Despite proclamations of equality by the state, a Copt has never been an equal Egyptian citizen in the eyes of the law. Egyptian laws are, in fact, designed to remind him of his second-class nature.
For him, building a church remains a herculean task. He must follow Islamic inheritance laws, and cannot adopt children. Egypt’s blasphemy laws almost exclusively target him.
Legally, he is not barred from being appointed to any position. But functionally, this is the reality. The exclusion of Copts from important government positions is pervasive: The current government has only one Coptic minister, and not a single Copt serves as a governor, university president, or university dean. An unofficial one percent quota for Copts is maintained in the military, police, judiciary, and foreign service, while no single Copt is allowed in the state security or intelligence services.
Even his history is not immune to discrimination, with Coptic history and the contributions of Copts to Egypt through the centuries excluded from the country’s textbooks.
“A society that treats a segment of its population as less than fully equal is also [a] society that produces violence and terrorism against it.”
But the state’s discrimination, the Islamists’ incitement and violent attacks, and the state’s failure to protect them, along with its practice of forcing them into reconciliation sessions after every attack instead of applying the law and punishing the aggressor, are not what make the lives of Copts unbearable. Rather, it’s the bigotry they encounter from many of their fellow citizens. Copts necessarily know much about Islam through the education system, media, and their neighbors. The same cannot be said of most Egyptian Muslims and their knowledge of the Copts. The exclusion of Copts and their identity from the public square has made them alien creatures onto which wild fantasies are projected...
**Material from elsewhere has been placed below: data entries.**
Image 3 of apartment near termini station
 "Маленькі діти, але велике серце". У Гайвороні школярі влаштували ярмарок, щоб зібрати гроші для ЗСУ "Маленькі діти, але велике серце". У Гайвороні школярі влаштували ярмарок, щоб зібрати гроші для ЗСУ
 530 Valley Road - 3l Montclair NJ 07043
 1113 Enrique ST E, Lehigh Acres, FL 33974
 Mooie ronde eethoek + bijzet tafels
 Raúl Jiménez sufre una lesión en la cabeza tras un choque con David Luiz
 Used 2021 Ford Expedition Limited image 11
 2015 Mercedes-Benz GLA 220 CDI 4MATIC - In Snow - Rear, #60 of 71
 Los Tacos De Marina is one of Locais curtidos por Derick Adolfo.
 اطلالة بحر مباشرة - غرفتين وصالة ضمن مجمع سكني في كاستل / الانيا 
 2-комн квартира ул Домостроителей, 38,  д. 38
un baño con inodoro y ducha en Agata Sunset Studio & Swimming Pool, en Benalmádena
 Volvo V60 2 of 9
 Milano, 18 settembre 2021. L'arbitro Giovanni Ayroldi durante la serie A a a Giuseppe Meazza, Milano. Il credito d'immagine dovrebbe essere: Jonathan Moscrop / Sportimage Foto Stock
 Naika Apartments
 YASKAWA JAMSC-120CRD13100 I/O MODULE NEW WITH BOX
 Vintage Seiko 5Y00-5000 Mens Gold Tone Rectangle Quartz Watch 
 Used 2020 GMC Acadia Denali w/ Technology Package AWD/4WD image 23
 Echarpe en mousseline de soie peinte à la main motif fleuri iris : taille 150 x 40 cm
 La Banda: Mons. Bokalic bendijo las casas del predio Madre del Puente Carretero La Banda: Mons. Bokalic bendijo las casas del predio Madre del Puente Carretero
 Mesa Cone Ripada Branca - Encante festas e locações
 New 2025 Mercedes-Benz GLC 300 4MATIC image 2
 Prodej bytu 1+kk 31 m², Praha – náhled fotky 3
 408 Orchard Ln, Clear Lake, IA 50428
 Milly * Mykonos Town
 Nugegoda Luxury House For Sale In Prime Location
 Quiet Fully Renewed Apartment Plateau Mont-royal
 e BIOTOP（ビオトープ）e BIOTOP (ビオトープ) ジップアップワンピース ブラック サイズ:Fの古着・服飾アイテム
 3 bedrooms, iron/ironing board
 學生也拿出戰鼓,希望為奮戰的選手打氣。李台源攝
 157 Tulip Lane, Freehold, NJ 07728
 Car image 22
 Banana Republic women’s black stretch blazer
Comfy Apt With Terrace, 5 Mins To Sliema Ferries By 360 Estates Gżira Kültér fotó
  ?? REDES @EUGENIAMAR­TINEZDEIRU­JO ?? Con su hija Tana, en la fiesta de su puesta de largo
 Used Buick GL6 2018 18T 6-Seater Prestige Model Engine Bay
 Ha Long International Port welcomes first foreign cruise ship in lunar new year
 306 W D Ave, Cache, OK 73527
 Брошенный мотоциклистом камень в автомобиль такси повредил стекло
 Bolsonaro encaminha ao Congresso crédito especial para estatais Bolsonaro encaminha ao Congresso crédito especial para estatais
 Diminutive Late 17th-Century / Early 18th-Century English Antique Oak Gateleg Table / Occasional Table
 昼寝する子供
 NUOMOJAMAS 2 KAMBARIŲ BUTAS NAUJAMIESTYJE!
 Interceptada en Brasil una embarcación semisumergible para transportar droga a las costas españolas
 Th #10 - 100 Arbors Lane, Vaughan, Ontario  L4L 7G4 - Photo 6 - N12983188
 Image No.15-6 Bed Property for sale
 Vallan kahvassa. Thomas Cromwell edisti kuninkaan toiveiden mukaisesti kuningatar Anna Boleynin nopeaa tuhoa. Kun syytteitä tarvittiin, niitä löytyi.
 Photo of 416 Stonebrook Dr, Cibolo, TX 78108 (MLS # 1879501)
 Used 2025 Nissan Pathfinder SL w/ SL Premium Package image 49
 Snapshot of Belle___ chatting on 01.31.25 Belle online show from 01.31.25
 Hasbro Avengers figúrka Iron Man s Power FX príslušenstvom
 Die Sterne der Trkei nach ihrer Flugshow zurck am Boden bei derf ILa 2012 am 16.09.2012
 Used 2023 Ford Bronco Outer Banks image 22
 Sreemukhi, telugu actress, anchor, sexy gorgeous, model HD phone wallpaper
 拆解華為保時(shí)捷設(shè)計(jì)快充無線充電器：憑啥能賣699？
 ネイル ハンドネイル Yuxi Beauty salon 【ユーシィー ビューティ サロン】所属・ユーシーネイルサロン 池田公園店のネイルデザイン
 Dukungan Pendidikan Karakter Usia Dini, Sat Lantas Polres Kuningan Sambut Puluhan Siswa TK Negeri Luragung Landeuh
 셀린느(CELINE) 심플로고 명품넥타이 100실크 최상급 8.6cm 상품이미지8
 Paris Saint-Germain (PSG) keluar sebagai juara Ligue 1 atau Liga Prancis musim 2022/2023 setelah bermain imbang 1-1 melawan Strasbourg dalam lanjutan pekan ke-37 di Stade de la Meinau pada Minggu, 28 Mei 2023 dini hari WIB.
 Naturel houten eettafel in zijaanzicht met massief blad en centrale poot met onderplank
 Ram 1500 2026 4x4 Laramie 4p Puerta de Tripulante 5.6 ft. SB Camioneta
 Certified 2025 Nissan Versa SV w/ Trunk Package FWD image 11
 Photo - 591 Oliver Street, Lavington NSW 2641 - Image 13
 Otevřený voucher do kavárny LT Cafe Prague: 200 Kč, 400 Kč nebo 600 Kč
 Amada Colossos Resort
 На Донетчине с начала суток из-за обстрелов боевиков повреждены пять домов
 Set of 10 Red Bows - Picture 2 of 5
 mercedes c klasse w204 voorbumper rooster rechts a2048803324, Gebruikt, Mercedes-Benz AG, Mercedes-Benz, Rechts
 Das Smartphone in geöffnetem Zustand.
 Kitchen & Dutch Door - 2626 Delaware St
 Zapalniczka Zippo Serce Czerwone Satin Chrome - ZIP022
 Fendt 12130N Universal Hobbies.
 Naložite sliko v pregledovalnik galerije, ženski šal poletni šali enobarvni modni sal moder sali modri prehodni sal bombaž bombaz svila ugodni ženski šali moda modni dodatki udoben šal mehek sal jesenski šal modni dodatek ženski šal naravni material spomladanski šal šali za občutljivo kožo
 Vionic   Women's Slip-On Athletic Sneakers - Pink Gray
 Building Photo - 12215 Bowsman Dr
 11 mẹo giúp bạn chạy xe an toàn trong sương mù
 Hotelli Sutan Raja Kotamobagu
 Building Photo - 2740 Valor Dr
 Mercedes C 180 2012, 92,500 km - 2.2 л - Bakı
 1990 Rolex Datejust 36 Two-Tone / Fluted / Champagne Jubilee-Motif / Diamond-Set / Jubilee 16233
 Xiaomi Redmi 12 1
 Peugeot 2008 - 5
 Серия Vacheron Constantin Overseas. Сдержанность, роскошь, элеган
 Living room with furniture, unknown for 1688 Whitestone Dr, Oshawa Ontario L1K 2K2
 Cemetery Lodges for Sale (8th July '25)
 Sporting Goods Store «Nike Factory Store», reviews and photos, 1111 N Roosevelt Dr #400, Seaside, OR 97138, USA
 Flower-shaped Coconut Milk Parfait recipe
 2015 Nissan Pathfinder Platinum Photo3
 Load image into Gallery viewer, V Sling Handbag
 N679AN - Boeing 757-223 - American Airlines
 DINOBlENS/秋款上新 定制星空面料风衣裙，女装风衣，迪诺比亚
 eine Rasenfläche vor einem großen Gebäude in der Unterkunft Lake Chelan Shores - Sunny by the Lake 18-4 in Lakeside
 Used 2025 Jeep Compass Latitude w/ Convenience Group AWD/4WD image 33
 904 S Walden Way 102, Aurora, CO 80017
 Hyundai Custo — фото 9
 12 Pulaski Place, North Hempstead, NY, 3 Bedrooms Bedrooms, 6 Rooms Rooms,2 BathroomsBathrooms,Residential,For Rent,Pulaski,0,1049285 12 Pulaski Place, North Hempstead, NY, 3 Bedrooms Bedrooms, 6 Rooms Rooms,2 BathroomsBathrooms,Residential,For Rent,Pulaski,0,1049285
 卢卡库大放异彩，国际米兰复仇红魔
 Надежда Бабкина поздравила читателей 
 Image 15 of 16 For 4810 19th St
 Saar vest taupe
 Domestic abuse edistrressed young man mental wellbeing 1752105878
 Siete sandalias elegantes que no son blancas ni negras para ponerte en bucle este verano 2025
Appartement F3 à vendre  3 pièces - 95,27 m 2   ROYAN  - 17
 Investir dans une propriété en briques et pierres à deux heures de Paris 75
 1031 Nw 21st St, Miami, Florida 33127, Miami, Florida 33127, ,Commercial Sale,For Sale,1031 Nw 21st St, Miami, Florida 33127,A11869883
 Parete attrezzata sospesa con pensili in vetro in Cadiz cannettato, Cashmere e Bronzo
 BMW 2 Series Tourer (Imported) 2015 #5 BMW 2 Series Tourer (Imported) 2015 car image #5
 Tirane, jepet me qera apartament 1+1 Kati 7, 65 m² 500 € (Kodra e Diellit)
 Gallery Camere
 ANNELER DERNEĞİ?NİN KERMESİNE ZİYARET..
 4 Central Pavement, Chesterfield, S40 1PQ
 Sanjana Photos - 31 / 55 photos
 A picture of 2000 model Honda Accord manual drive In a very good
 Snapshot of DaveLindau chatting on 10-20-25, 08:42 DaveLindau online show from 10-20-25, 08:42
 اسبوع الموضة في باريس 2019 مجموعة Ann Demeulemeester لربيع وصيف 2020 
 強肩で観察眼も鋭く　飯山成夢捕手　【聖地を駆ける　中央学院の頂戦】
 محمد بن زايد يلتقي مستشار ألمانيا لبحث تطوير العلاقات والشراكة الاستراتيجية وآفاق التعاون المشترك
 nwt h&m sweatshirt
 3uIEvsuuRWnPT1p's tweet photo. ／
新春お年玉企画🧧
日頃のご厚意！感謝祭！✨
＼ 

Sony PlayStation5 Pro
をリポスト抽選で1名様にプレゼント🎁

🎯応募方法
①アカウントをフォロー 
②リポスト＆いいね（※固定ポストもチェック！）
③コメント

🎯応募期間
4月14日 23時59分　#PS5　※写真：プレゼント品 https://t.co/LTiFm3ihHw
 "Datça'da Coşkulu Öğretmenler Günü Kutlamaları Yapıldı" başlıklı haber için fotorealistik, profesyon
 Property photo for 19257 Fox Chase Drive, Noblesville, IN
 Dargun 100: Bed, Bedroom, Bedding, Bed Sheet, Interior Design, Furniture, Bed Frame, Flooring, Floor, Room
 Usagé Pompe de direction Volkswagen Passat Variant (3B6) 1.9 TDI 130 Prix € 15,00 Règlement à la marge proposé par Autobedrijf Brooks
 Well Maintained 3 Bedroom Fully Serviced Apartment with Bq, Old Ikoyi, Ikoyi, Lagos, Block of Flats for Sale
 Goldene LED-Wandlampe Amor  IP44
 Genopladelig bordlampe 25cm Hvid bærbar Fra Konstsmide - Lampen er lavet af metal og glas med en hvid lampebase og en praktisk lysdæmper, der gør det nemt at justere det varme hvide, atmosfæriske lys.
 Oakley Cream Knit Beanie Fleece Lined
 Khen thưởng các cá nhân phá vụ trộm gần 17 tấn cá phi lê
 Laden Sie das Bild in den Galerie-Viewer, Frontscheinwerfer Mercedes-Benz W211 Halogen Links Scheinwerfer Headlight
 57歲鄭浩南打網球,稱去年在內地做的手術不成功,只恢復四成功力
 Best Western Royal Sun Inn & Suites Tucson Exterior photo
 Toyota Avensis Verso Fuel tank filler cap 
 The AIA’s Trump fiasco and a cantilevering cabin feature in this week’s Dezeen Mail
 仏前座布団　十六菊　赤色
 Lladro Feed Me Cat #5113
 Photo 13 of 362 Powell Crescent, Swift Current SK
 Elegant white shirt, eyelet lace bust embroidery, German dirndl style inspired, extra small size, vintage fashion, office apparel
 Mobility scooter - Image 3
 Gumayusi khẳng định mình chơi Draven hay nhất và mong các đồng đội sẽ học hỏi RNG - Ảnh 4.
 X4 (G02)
What does the future hold for Egypt’s Copts? Could a community that has endured for 2,000 years actually become extinct? Throughout the Middle East, the answer seems to be yes. Geography, long the ally of ethnic and religious minorities in the region, offers little protection in the face of modern weapons and totalitarian organizations. The Islamic State’s reign of horrors has not only sought to annihilate these communities, but the very physical evidence of their historical presence.
But if modernity has been unkind to these minorities, it has also offered them an alternative: emigration. More than a million Copts now live in the West, where their ancient church is flourishing. Today, there are over 600 Coptic churches around the world. In 1971, there were two Coptic churches in the United States; today, there are 235...
Decline and survival, decay and endurance, have been the twin faces of Coptic Christianity under the rule of Islam. Today these two go hand in hand, separated only by geography. Despite the persecution millions of Copts face, there is no place in the West for eight million more. But the better educated, the ones who speak English and possess the skills to succeed beyond Egypt, will leave. Their poorer brethren left behind will stay. Egypt’s Copts will continue to decline. But in the lands of emigration they are writing a new chapter of revival.